Idealnya anak kos itu adalah mereka yang selalu berada dalam kepayahan. Dari krisis finansial, krisis air bersih, sampai krisis identitas diri. Tentunya anak kos adalah calon orang hebat karena sering berada jauh dari zona nyaman. Tak semua jadi, tapi biasanya, sebagian kecil sih.
Pergulatan berebut kamar mandi jika ada jadwal kuliah pagi adalah aktivitas seru. Siapa cepat dia dapat, siapa malas dia memelas, karena para pemalas mau tak mau harus berangkat ke kampus cuma modal cuci muka. Namun yang cepat pun kadang harus mengalah pada keadaan, jika ternyata air tak ngocor.

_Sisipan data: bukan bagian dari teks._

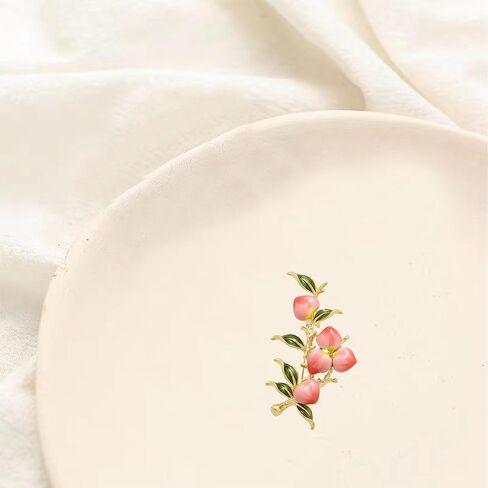 Cute Peach Brooch for Women Vintage Fruit Peach Branch Pin Summer Jewelry for Blouse Dress Scarf in Saudi Arabia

Dengan alasan kedaruratan, guyuran air harus diganti dulu dengan semprotan minyak wangi. Ah masa-masa asam manis ketika hampir tiga tahun lamanya bermukim di tanah harapan Jatinangor, dua tahun di area Jembatan Cincin, setahun di Sayang. Dan sudah sejak setahunan ini cuma sebatas pulang pergi kuliah dug dag Bandung-Jatinangor.

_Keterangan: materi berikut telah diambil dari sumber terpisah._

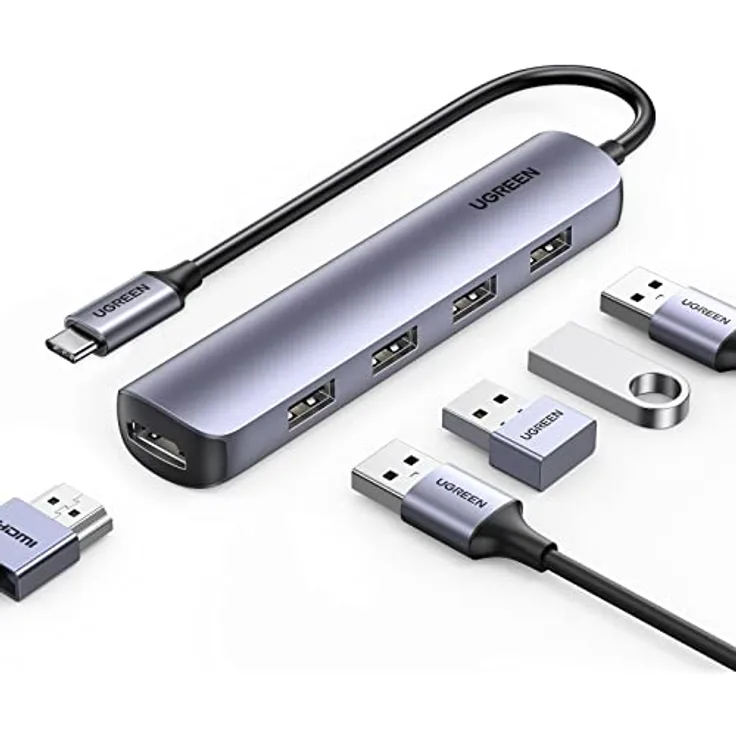 UGREEN USB C Hub mit USB 3.0 und HDMI Adapter USB C kompatibel mit Surface Pro, Surface Go, MacBook Pro/Air, iPad Air 4, Galaxy S23/S22, Galaxy tab s7 und Anderen Laptops und Tablets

Tiba-tiba berbagai gedung putih tinggi semampai berdiri menjulang. Mungkin kepala proyeknya entah Sangkuriang atau Bandung Bondowoso, dan kulinya bangsa jin dari jenis manusia, karena ujug-ujug beragam apartemen tumbuh subur begitu lekasnya. Ternyata hal magis masih eksis, keajaiban masih bisa tercipta berkat adanya modal.

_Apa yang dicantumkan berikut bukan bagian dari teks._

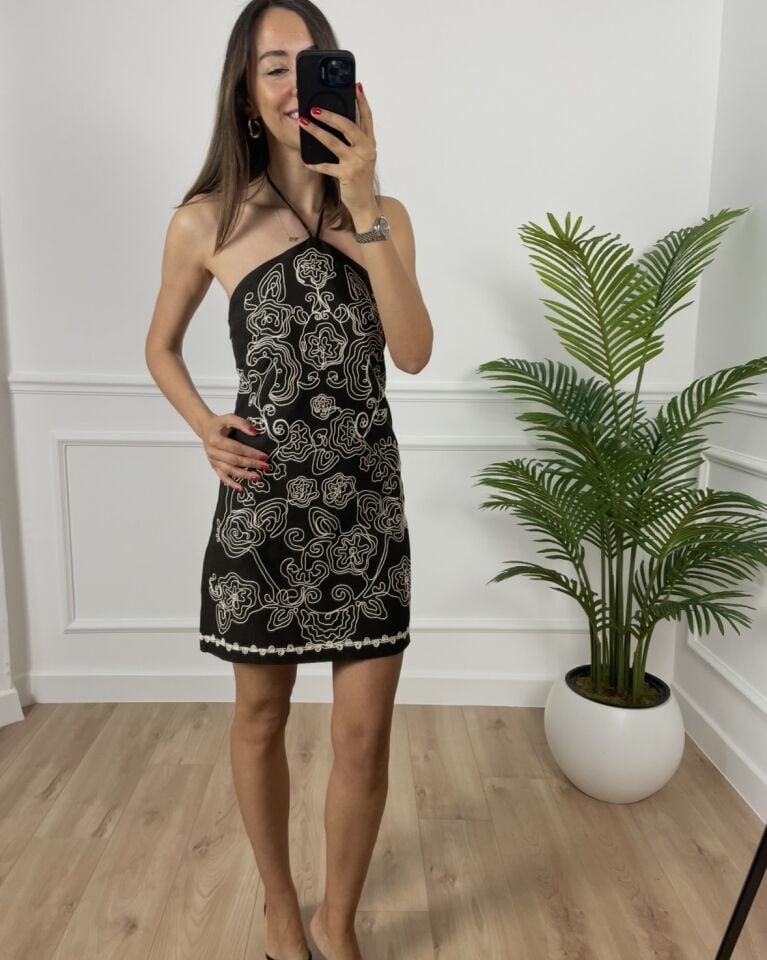 Blush Kahverengi Nakışlı Premium Elbise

Tumbuhnya beragam pohon beton di Jatinangor bikin saya merasa iba, karena yang pertama langsung muncul di pikiran saya adalah soal ketersediaan air tanah. Krisis air niscaya bakal terjadi, dan memang sudah. Bayangkan bangunan dengan kamar bejibun berlantai-lantai itu tentunya pakai air tanah langsung, karena untuk PDAM belum sampai ke sini. Yang perlu diingat, meski di daerah pegunungan, jangan bayangkan Jatinangor sebagai sebuah daerah yang sejuk. Kalau menyejukan sih masih iya, karena ini gudangnya mahasiswi dari beragam perguruan tinggi. Jatinangor sebenarnya kering kerontang.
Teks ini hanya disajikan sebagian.